Second, almost nobody is interrogating the racial entitlement embedded in the idea that a white teenager had the authority to remove a Black teenager from a space in the first place. That shit is maddening to me. Folks wanna analyze the Black teen’s words, but about the white teen’s presumption of power.

Why?

Because that would force folks to ask: who taught this white boy that he had the authority to decide where a Black boy could sit, stand, belong, or exist? Why did a white teenager feel entitled to put his hands on Anthony? Why did multiple athletes think they could decide who belonged under that tent. We need to ask why “he was told to leave” is being treated like a lawful order instead of a teenage power play backed by racial entitlement.

Seriously, Y’all. I wanna know why a white teenager’s attempt to remove a Black teen from a space get treated as a normal thing? Why is “he was told to leave” accepted so casually, as though one teenager’s command automatically creates another teenager’s obligation? Those are the real questions folks need to be asking. But that is a conversation folks don’t wanna honestly have. Because the moment you ask these questions, we are no longer talking about just one fight. We are talking about the racial training of American childhood and Jim Crow’s afterlife in a school tent.

But here we are with folks treating “touch me and find out” like its Karmelo Anthony’s confession or a damn murder manifesto. They are pretending the phrase means, “See! I came here planning violence at this track meet.”

Nah.

In Black speech, street speech, youth speech, and everyday conflict language, “touch me and find out” usually means: “You are too close.” “I’m warning you.” It means: “Do not put your fucking hands on me!” “You do not have permission to grab me, shove me, move me, or lay hands on my body.”

Of course it ain’t polished courtroom English or a carefully crafted sentence for a jury. But it is a boundary. And that is exactly why so many racist people are offended by it. Because Black children and youth are not allowed to set boundaries around their own bodies. They are not allowed to say, “This body is mine,” without America asking, “Since when?” And that is the sickness underneath all of this.

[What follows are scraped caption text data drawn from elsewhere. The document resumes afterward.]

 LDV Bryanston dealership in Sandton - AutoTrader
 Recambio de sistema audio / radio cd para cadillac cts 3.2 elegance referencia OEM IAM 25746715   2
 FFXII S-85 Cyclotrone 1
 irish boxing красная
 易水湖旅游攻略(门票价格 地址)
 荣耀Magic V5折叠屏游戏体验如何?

Black children are treated as if they cannot own themselves. As if their bodies are public property and their skin is a site of suspicion before it is a site of personhood. Their very presence is already a violation waiting to be corrected. In the racist mindset, Black children and teenagers commit trespass in their own goddamn bodies!

That is what this country has always taught them. That Blackness itself is out of place. You’re too loud. Too close. Too visible. Too resistant. Too much. So even when a Black youth is sitting, standing, waiting, existing, breathing, America can still decide he is somewhere he does not belong. And if he refuses to be moved, if he says no, and if he draws a line around his own flesh, then suddenly the boundary becomes the crime.

That is how anti-Blackness works. It does not simply punish Black children for what they do. It punishes them for how they protect themselves, for how they sound when they are afraid, and for not making their fear gentle enough for white interpretation. Black children in America are not granted the same bodily autonomy as other children. Their bodies are treated as public property, disciplinary projects, threats in motion, objects to be corrected, removed, searched, restrained, surveilled, punished, and murdered.

In schools, Black children are suspended, expelled, handcuffed, dragged out of classrooms, slammed to the floor, searched, and criminalized for behavior white children are allowed to outgrow. In stores, they are followed. In neighborhoods, they are questioned. In parks, they are policed. In public spaces, they are treated as if their presence requires explanation.

So when a Black teenager says, “Do not touch me,” this country hears, “How dare you?” How dare you claim your body? How dare you speak as though you have the right to refuse? How dare you tell someone where your skin begins and their authority ends? That is the real scandal.

And I am sick of people acting mystified by the knife. “Why would he bring a knife to a track meet?” I dunno. Maybe because Black boys in America do not grow up in theory. They grow up watching this country turn Black children into cautionary tales.

They grow up with Trayvon Martin, Mike Brown Jr., Tamir Rice, Jordan Davis, and, and, and so many others in the cultural bloodstream. Every Black child who learned that looking suspicious, standing somewhere, walking home, playing in a park, sitting in a car, knocking on a door, or being perceived as “out of place” could get them killed. And then America has the nerve to act confused when a Black teenager carries fear on his person. FOH!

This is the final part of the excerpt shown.